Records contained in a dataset
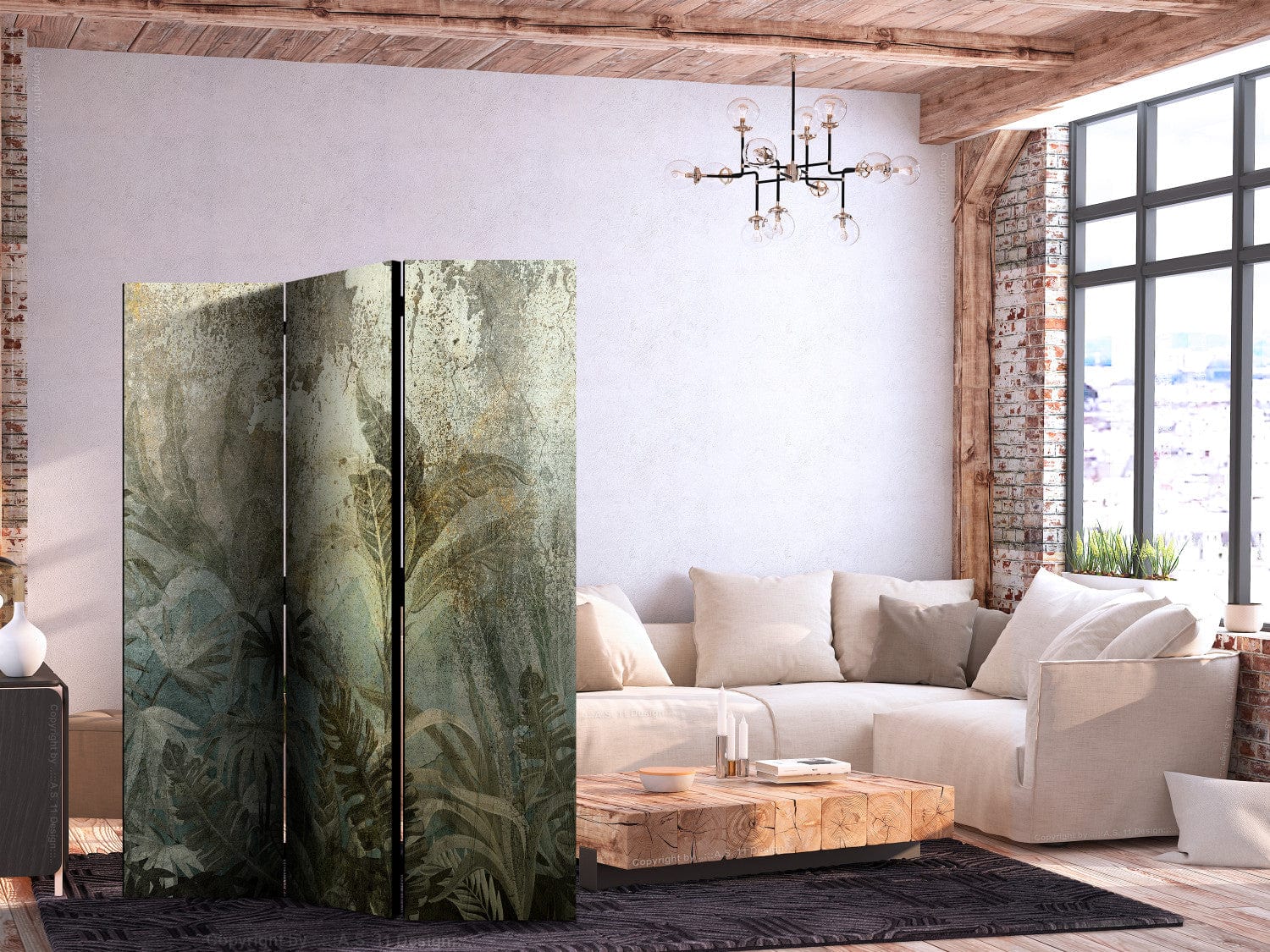 Aizslietnis - Eksotiskais tropu mežs dabiski zaļās krāsās, 135x172 cm ART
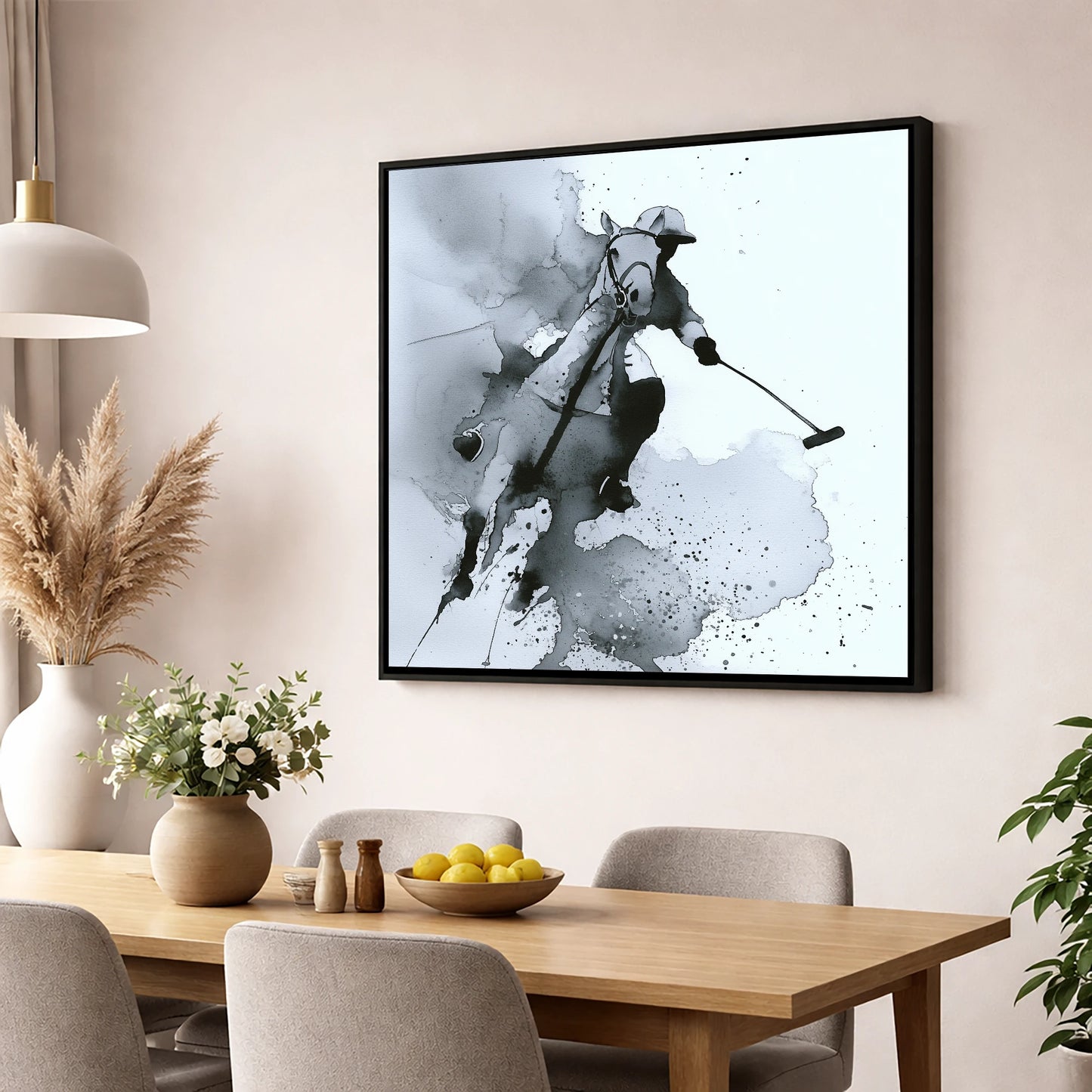 Dynamic Polo Swing polo horse wall art displayed in a dining room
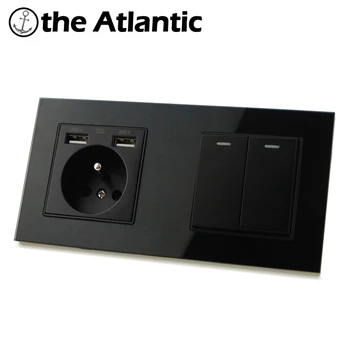 

FR Plug Sokcet Power Outlet 1 2 3 4 Gang Lamp Light Switch 2 Gang Socket Black Glass Frame 172mm*86mm Belgium Poland Slovakia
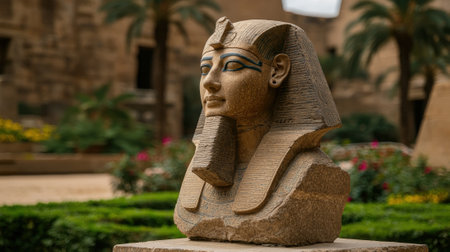 Ancient Egyptian pharaoh statue in a garden setting.の素材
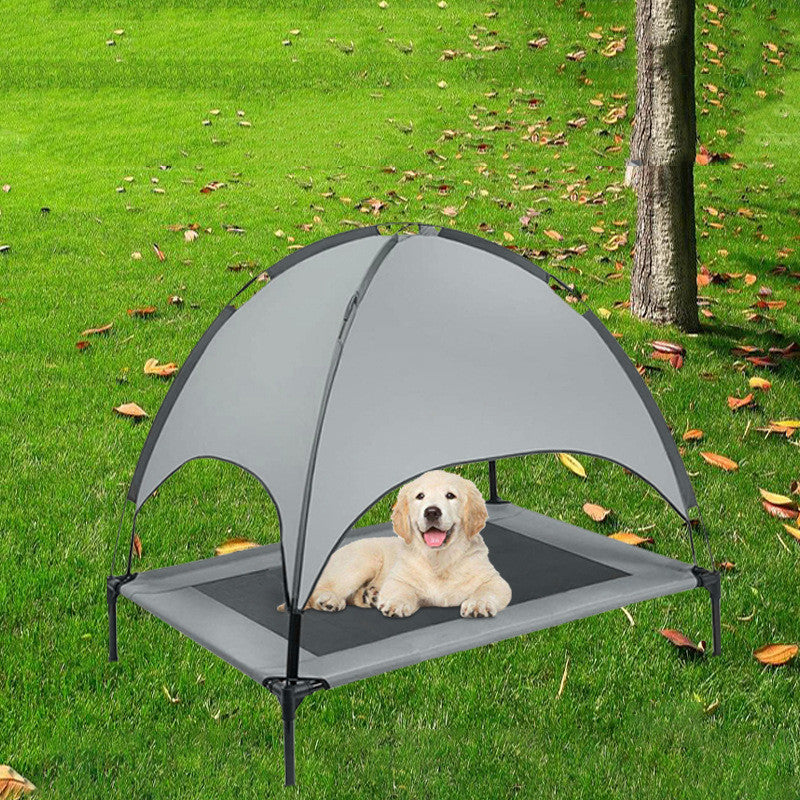 HKM-9791933 Pet Outdoor Supplies Covered Loft Bed with Sunshade Tent – Available in Cross, Parallel, and No Tent Styles
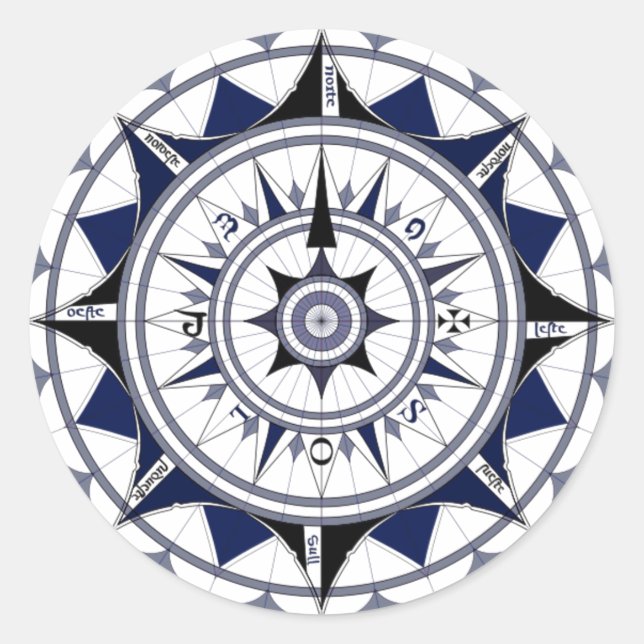 Pegatina Redonda Colecção Rosa dos Ventos (Anverso)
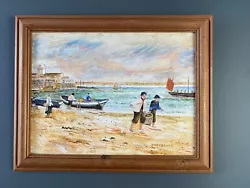 Buy Vintage Mid Century Cornish Seascape Oil Painting On Canvas Signed Framed • 9.99£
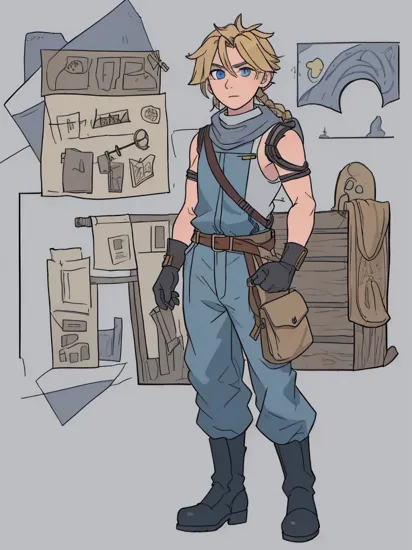 male face, male, (looking at viewer:1.0), ((masterpiece:1.4, best quality)), (full-body shot:1.6). forest,
detailed eyes, detailed face, (standing:1.2), (blue eyes:1.2), (highlight in eyes:1.2), 
  cloud strife, shoulder armor, sleeveless turtleneck, suspenders, belt, baggy pants, gloves, bracer, boots,  twin braids, male focus, 
   hand-drawn art, monochrome, Unpainted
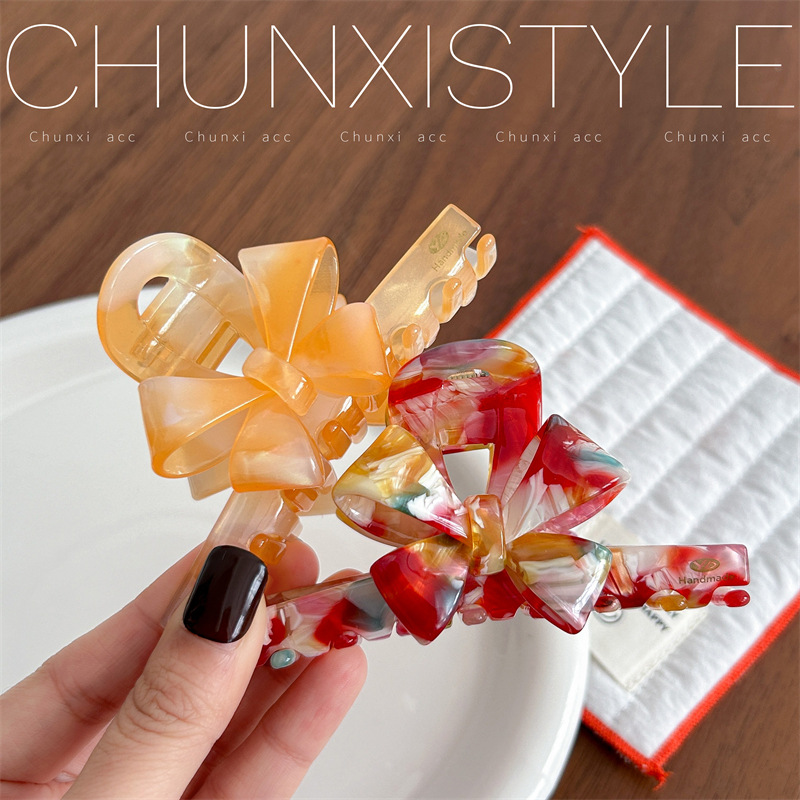 YD medium-sized acetate bow, high-end hairpin, 2025 new style, back clip, headwear, shark clip Application Scenario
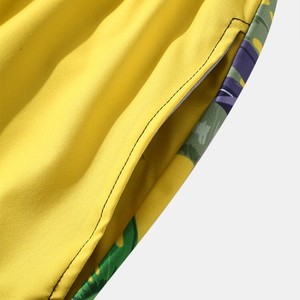 Shorts de basketball pour hommes, 100% polyester, taille mi-haute, élastique, séchage rapide, respirant, jaune, décontracté - Product Image 4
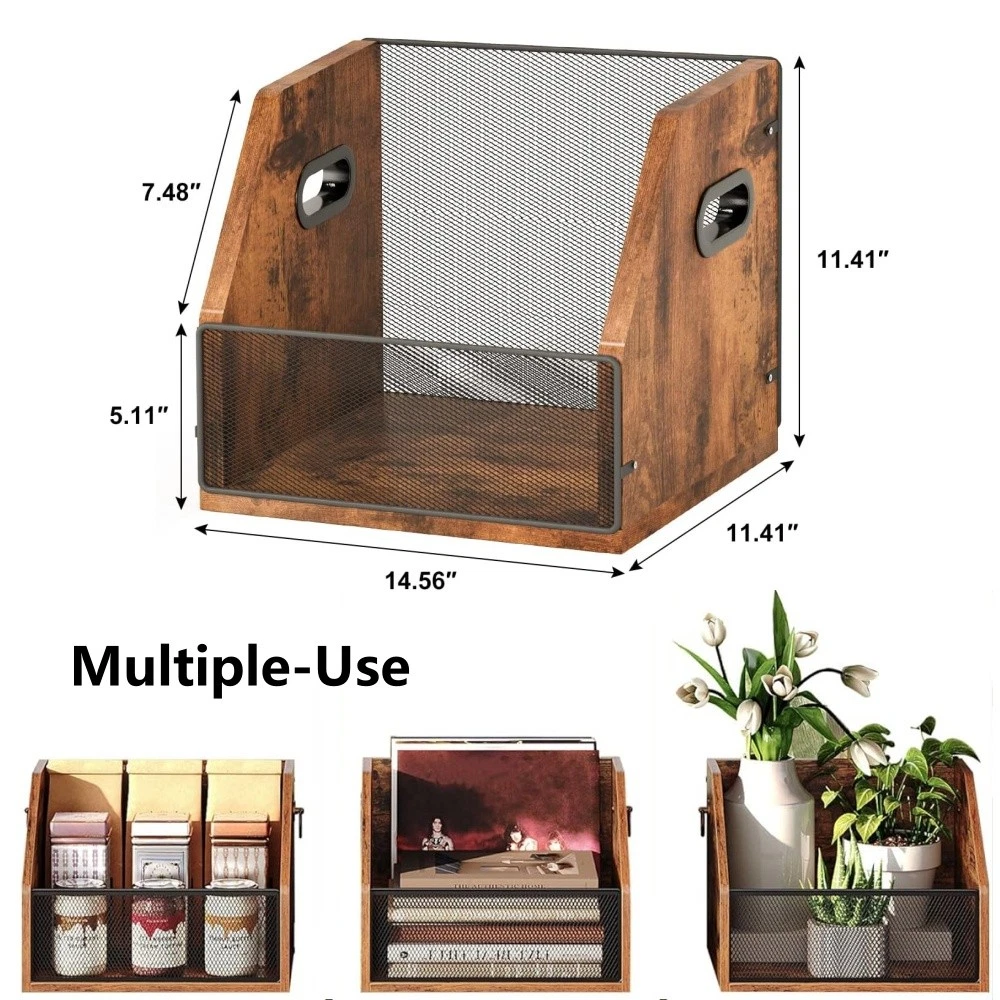 Wood Vinyl Record Storage Crate Album LP Holder Box Case Holds Up to 60 Albums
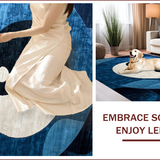Ultra Soft Area Rug, Non Slip, Stain Resistant, Washable Area Rugs for Living Room, Bedroom, Yin Yang Circle(Blue)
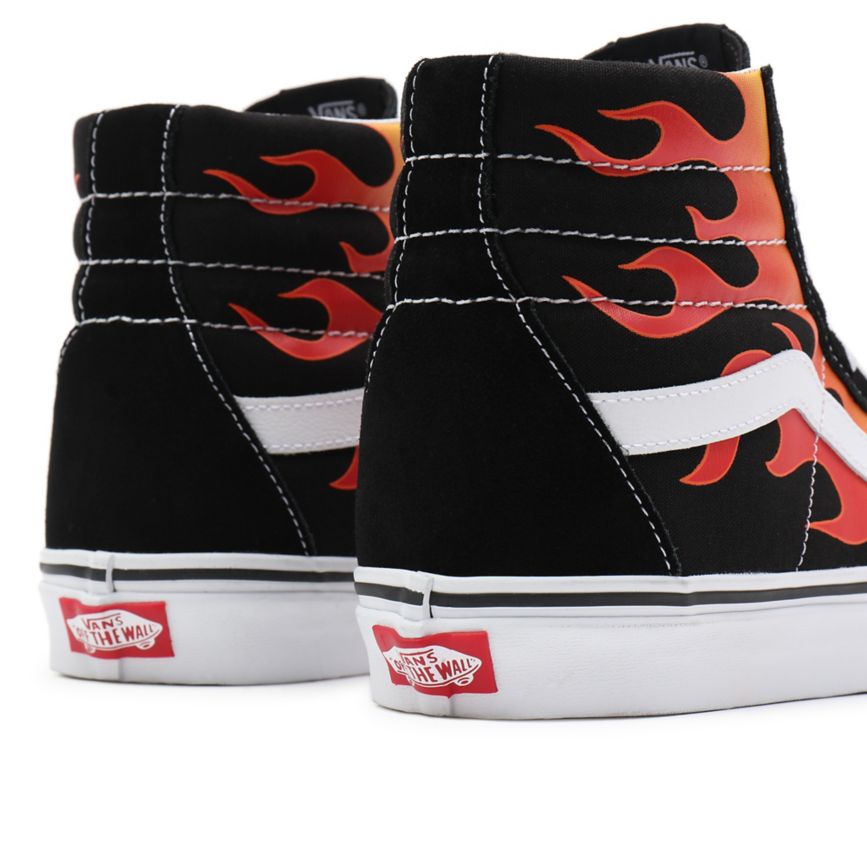 Tenis Altas Vans Flame Sk8-Hi Reissue Hombre Negras | VN726H0SZ61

GOAL OF THE EXERCISE
Give again, please, precisely the lines that begin the records and run through the line with "male face, male, (looking" in it, keeping both end lines and dropping any pictures.

TASK RESPONSE
 Aizslietnis - Eksotiskais tropu mežs dabiski zaļās krāsās, 135x172 cm ART
 Dynamic Polo Swing polo horse wall art displayed in a dining room

FR Plug Sokcet Power Outlet 1 2 3 4 Gang Lamp Light Switch 2 Gang Socket Black Glass Frame 172mm*86mm Belgium Poland Slovakia
 Ancient Egyptian pharaoh statue in a garden setting.の素材
 HKM-9791933 Pet Outdoor Supplies Covered Loft Bed with Sunshade Tent – Available in Cross, Parallel, and No Tent Styles
 Pegatina Redonda Colecção Rosa dos Ventos (Anverso)
 Buy Vintage Mid Century Cornish Seascape Oil Painting On Canvas Signed Framed • 9.99£
 male face, male, (looking at viewer:1.0), ((masterpiece:1.4, best quality)), (full-body shot:1.6). forest,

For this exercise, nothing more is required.